Hundreds of thousands of Bangladeshi protesters demanding Prime Minister Sheikh Hasina’s resignation defied security forces enforcing a curfew on Monday, marching on the capital’s streets after the deadliest day of unrest since demonstrations erupted last month.
Analysts fear violence could surpass that seen on Sunday, when protesters and government supporters countrywide battled each other with sticks and knives and security forces opened fire.
Bangladesh’s army chief Waker-Uz-Zaman will address the nation at 2:00 pm (0800 GMT), a military spokesman told AFP without giving further details.
Rallies that began last month against civil service job quotas have escalated into some of the worst unrest of Hasina’s 15-year rule and shifted into wider calls for the 76-year-old to quit.
Waker told officers on Saturday that the military “always stood by the people”, according to an official statement.
The military declared an emergency in January 2007 after widespread political unrest and installed a military-backed caretaker government for two years.
Internet access was tightly restricted on Monday, offices were closed and more than 3,500 factories servicing Bangladesh’s economically vital garment industry were shut.
Soldiers and police with armoured vehicles in Dhaka barricaded routes to Hasina’s office with barbed wire in a bid to enforce a curfew that came into effect Sunday evening, AFP reporters said.
However, witnesses reported vast crowds on the streets of Dhaka, tearing down barriers.

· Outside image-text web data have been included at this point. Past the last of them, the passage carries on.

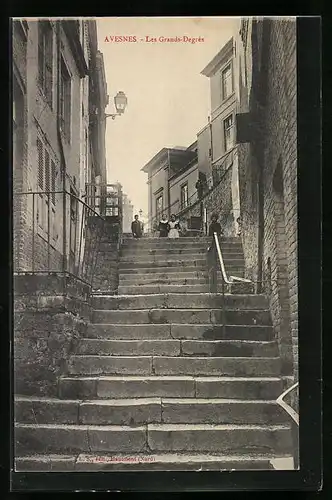 AK Avesnes, Les Grands-Degrés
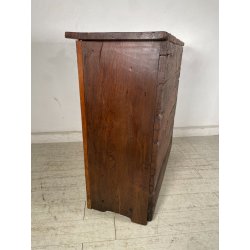 ANTICA CREDENZA 2 ANTE LEGNO NOCE INCARTATA EPOCA '800 MOBILE TV RIPIANO STIPO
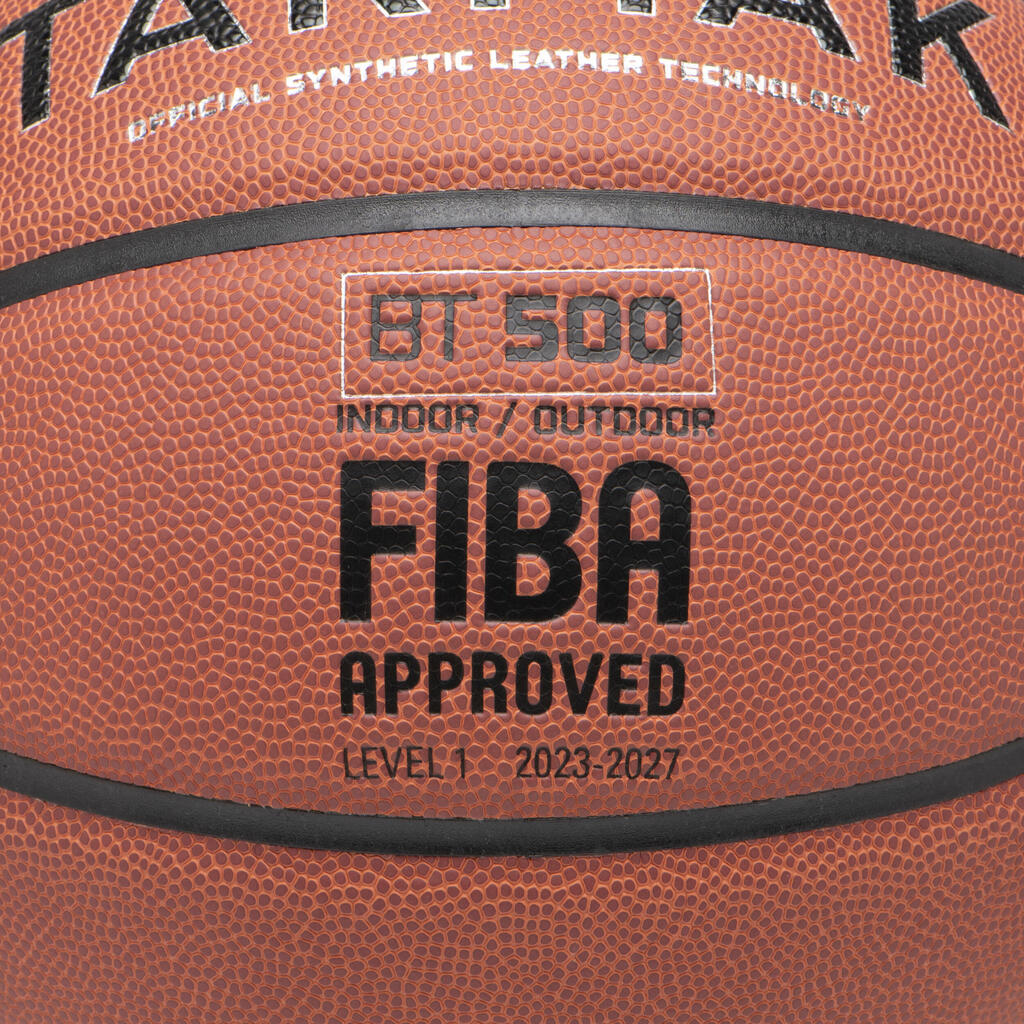 Ballon de basketball taille 7 - BT500 TOUCH gris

The Business Standard newspaper estimated as many as 400,000 protesters were on the streets but it was impossible to verify the figure.
“We are calling on students and the public all over the country to march towards Dhaka,” said Asif Mahmud, one of the key leaders in the nationwide civil disobedience campaign.
“The time has come for the final protest,” he said.
– ‘Shocking violence’ –
At least 94 people were killed on Sunday, including 14 police officers.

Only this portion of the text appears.